→ **TASK REQUIREMENTS**: Both ends included, set down the lines from the line containing "Richard Krajicek vangt" through the last line of the records below, without pictures.
━━━ DATA FOR PROCESSING
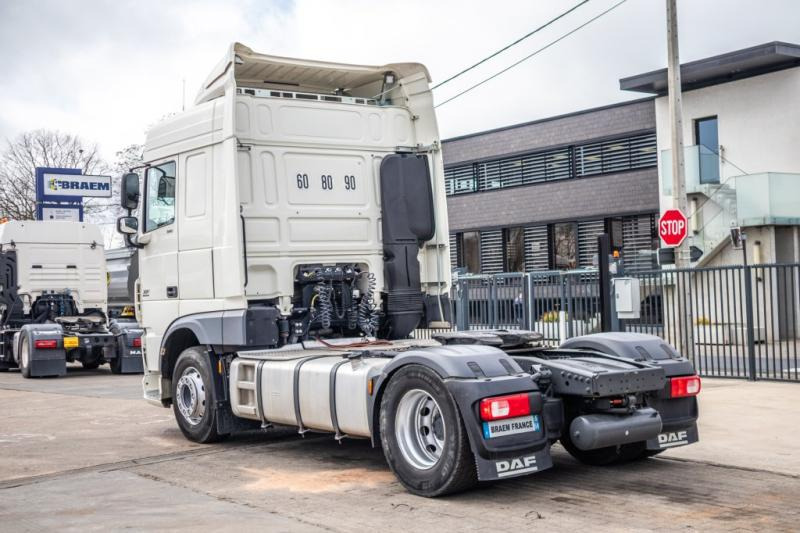 DAF XF 510 +Intarder+50Ton. - Cabeza tractora: foto 4 DAF XF 510 +Intarder+50Ton. - Cabeza tractora: foto 4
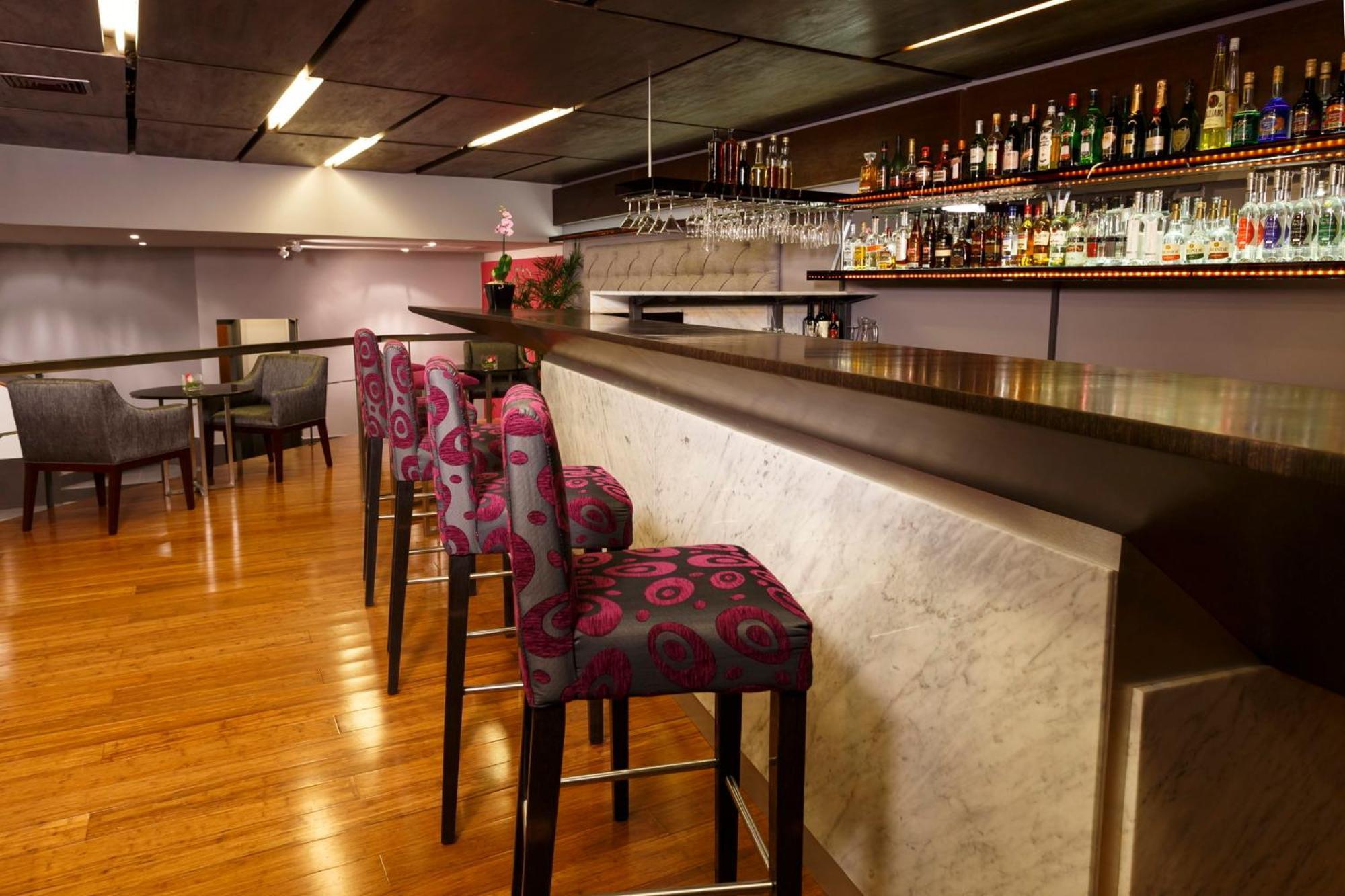 Crowne Plaza Lima By Ihg Exterior foto The bar at the lounge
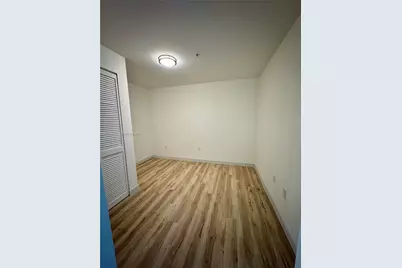 300 S Biscayne Blvd #L-1210, Miami, FL 33131 - Photo 27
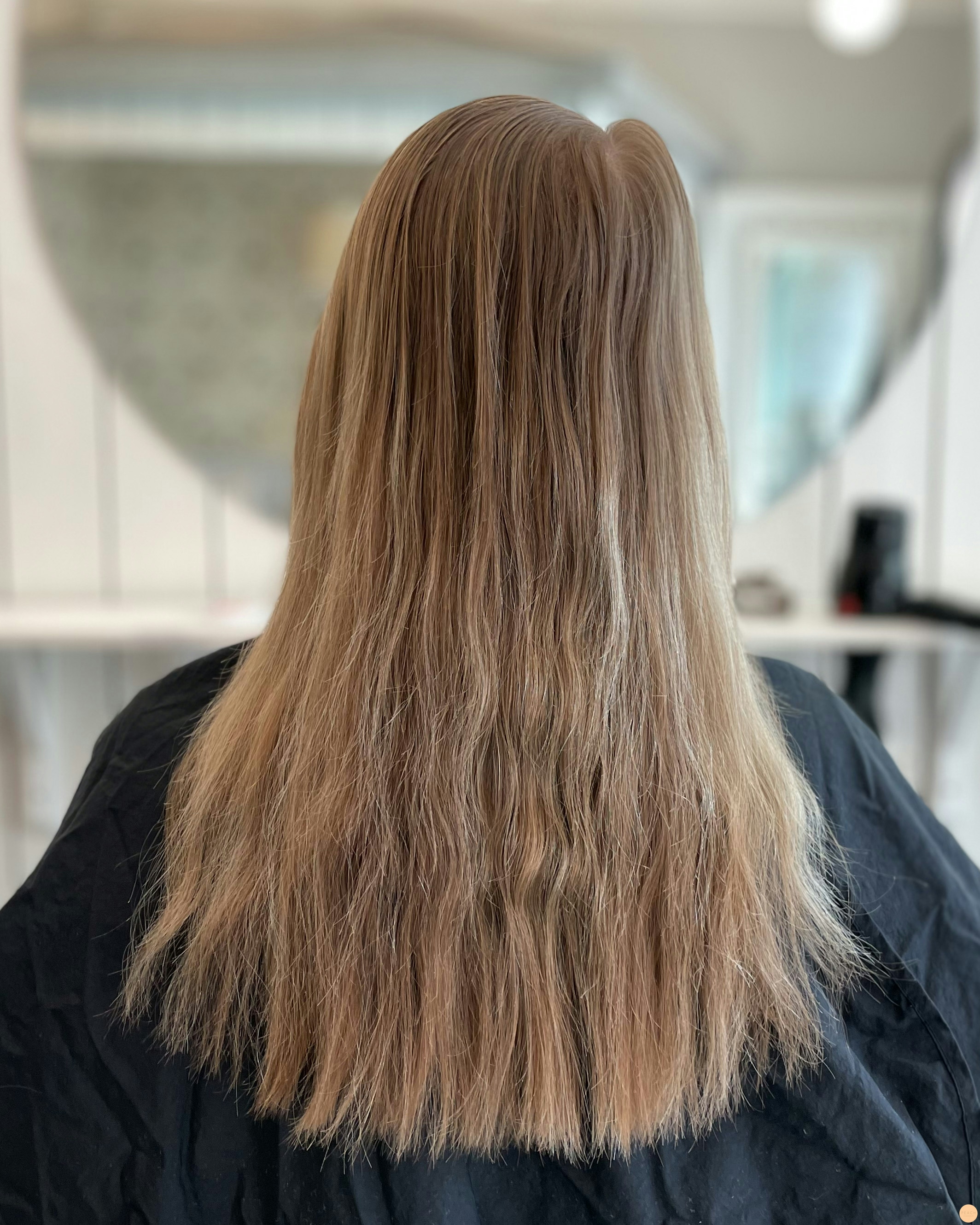 Beige blond hårfärg med teasylight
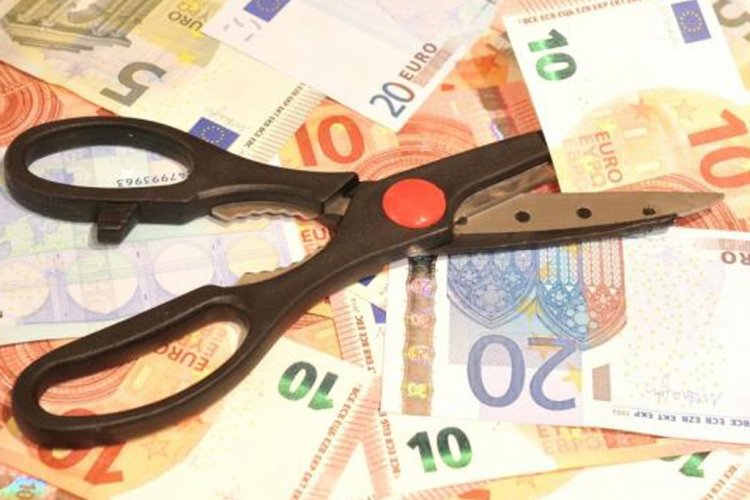 Tax Fraud: Στα σκαριά έκπτωση φόρου για ενοικιαστές πρώτης κατοικίας!! Ρύθμιση για την έκπτωση ενοικίου από το φορολογητέο εισόδημα ή τον τελικό φόρο!!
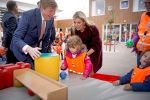 Amsterdam 22 april 2016
Koning Willem Alexander en Koningin Maxima bij de opening van de koningsspelen in Amsterdam.
Richard Krajicek vangt ze op en Johnny de Mol doet de presentatie.
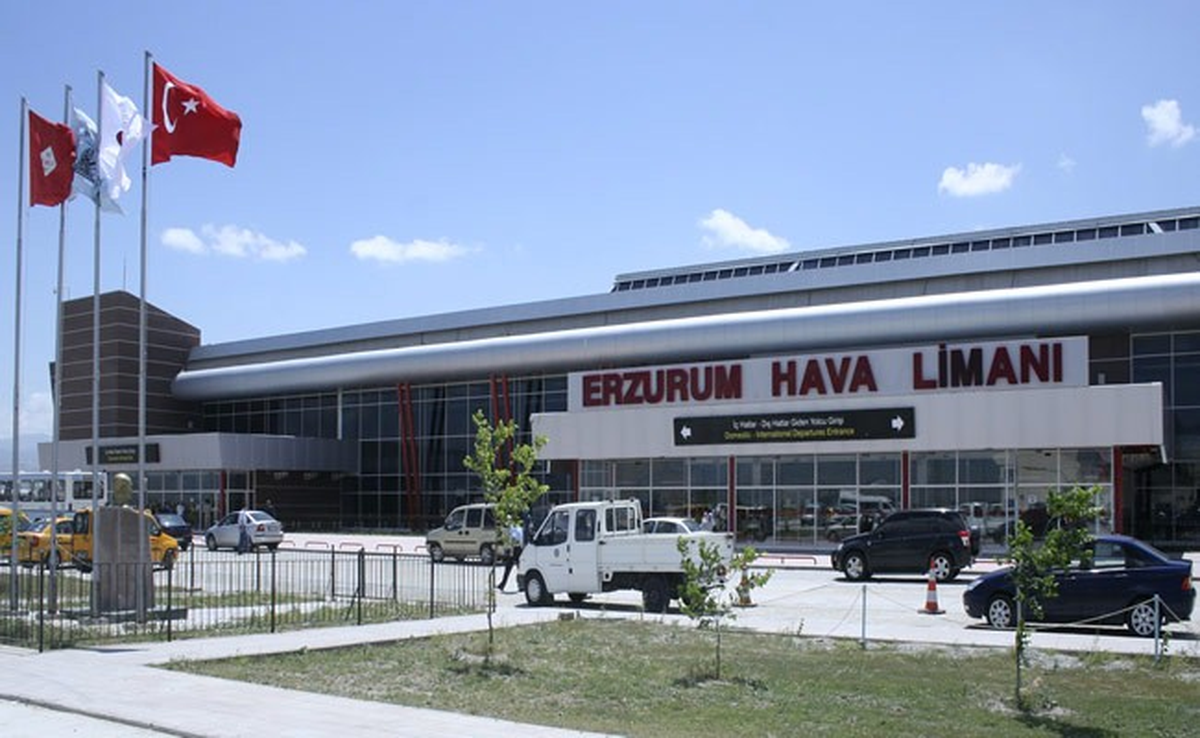 Erzurum Havalimanından Bu Yılın İlk 8 Ayında 4 Bin 763 İç Hat, 151\'de Dış Hat Olmak Üzere 4 Bin 914...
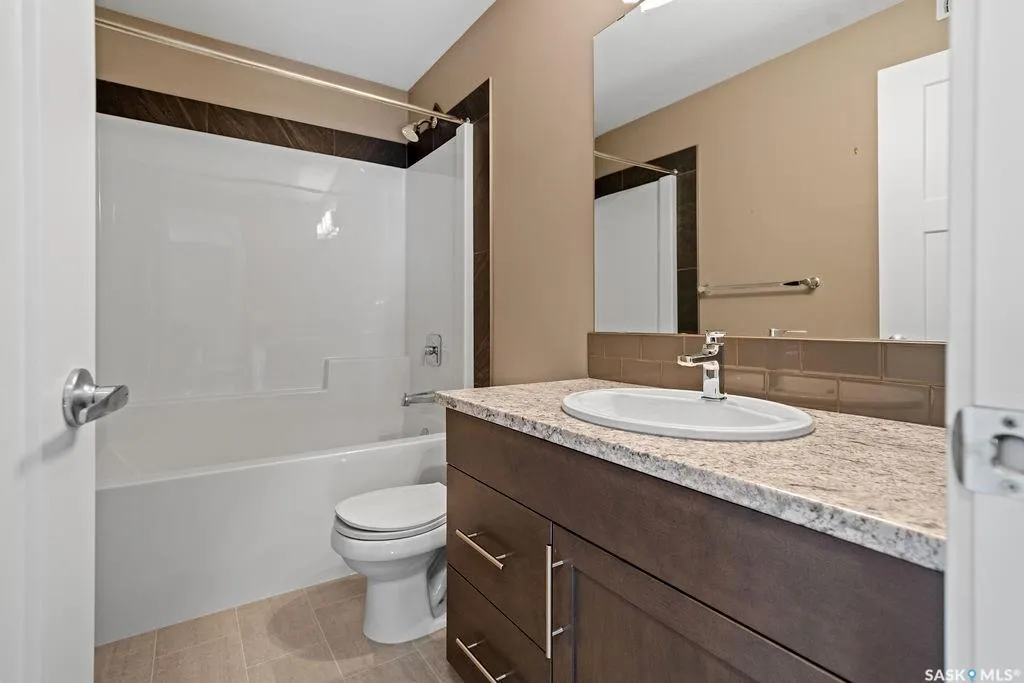 4913 Green Brooks Way E Regina SK S4V 3K5
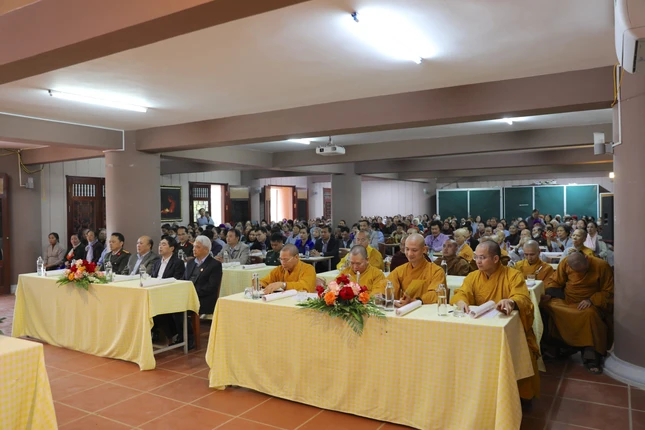 Chư tôn đức Tăng Ni, đại biểu, Phật tử tham dự hội nghị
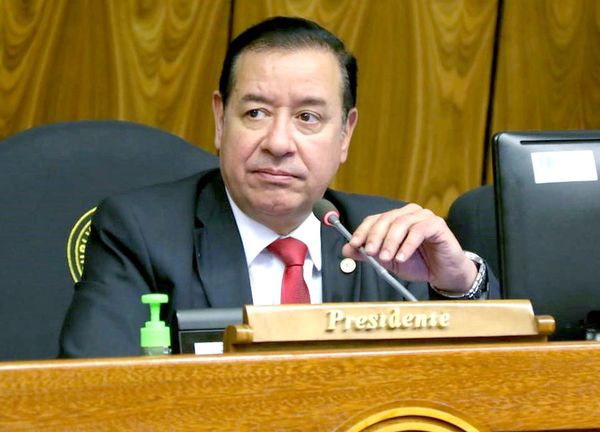 Concejal ratifica agresión de Miguel Cuevas y su hijo a manifestantes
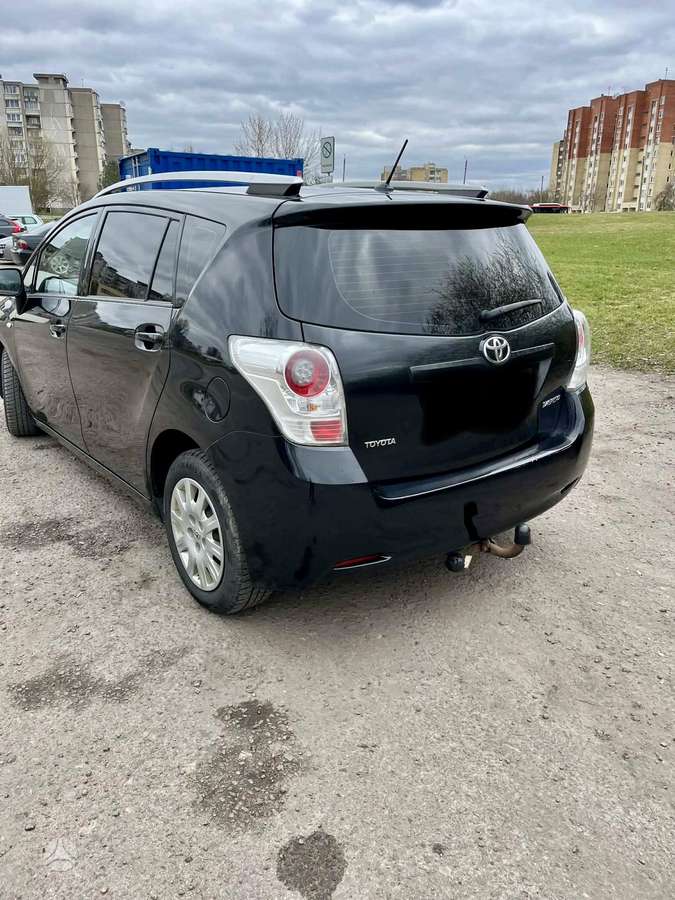 Toyota Verso, 2.0 l., Минивэн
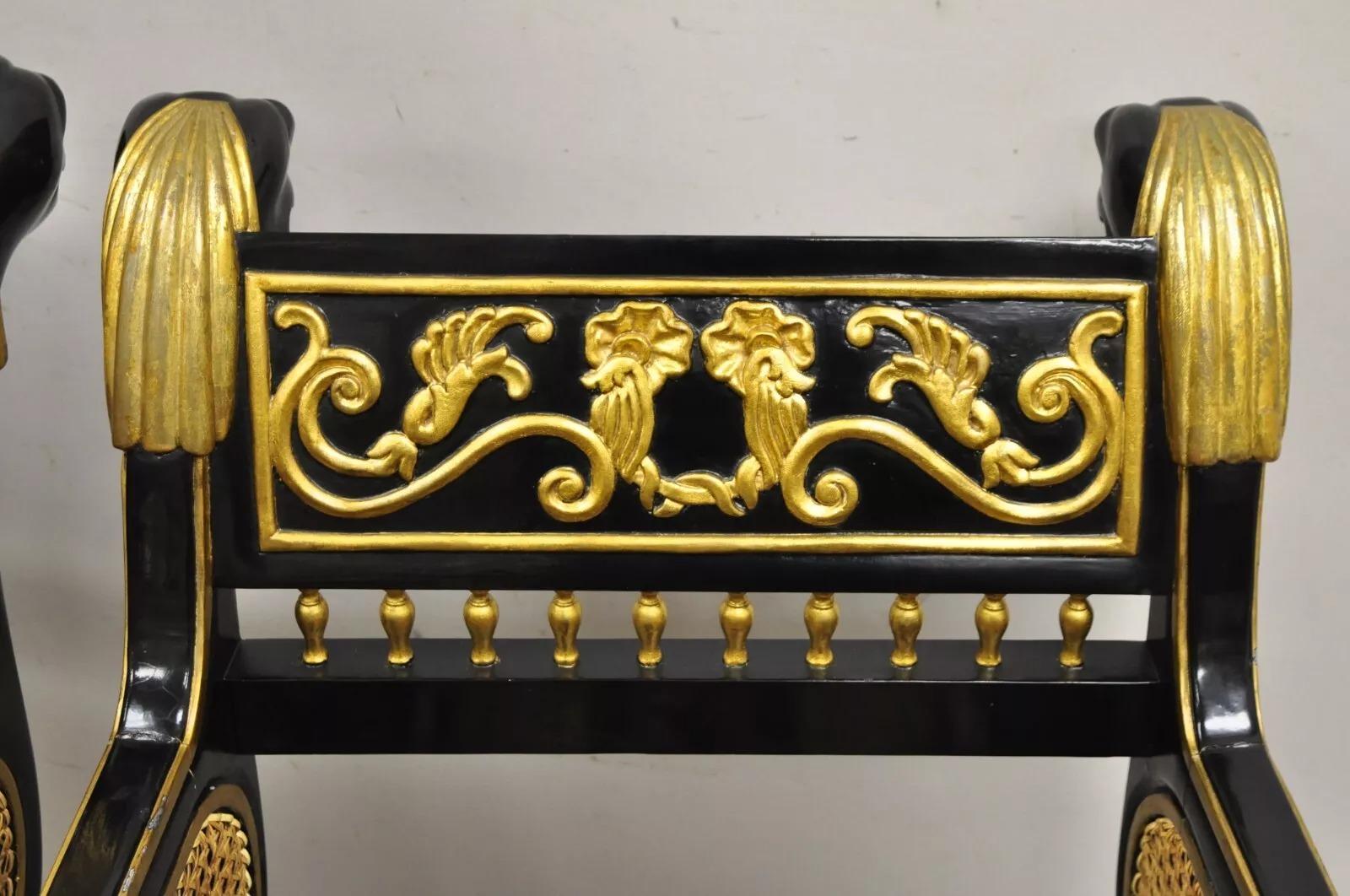 Regency Revive égyptien Régence noir ébonisé doré Chaises à trône à tête de lion - Paire en vente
━━━━━━
→ **WRITTEN REPLY**:
Richard Krajicek vangt ze op en Johnny de Mol doet de presentatie.
 Erzurum Havalimanından Bu Yılın İlk 8 Ayında 4 Bin 763 İç Hat, 151\'de Dış Hat Olmak Üzere 4 Bin 914...
 4913 Green Brooks Way E Regina SK S4V 3K5
 Chư tôn đức Tăng Ni, đại biểu, Phật tử tham dự hội nghị
 Concejal ratifica agresión de Miguel Cuevas y su hijo a manifestantes
 Toyota Verso, 2.0 l., Минивэн
 Regency Revive égyptien Régence noir ébonisé doré Chaises à trône à tête de lion - Paire en vente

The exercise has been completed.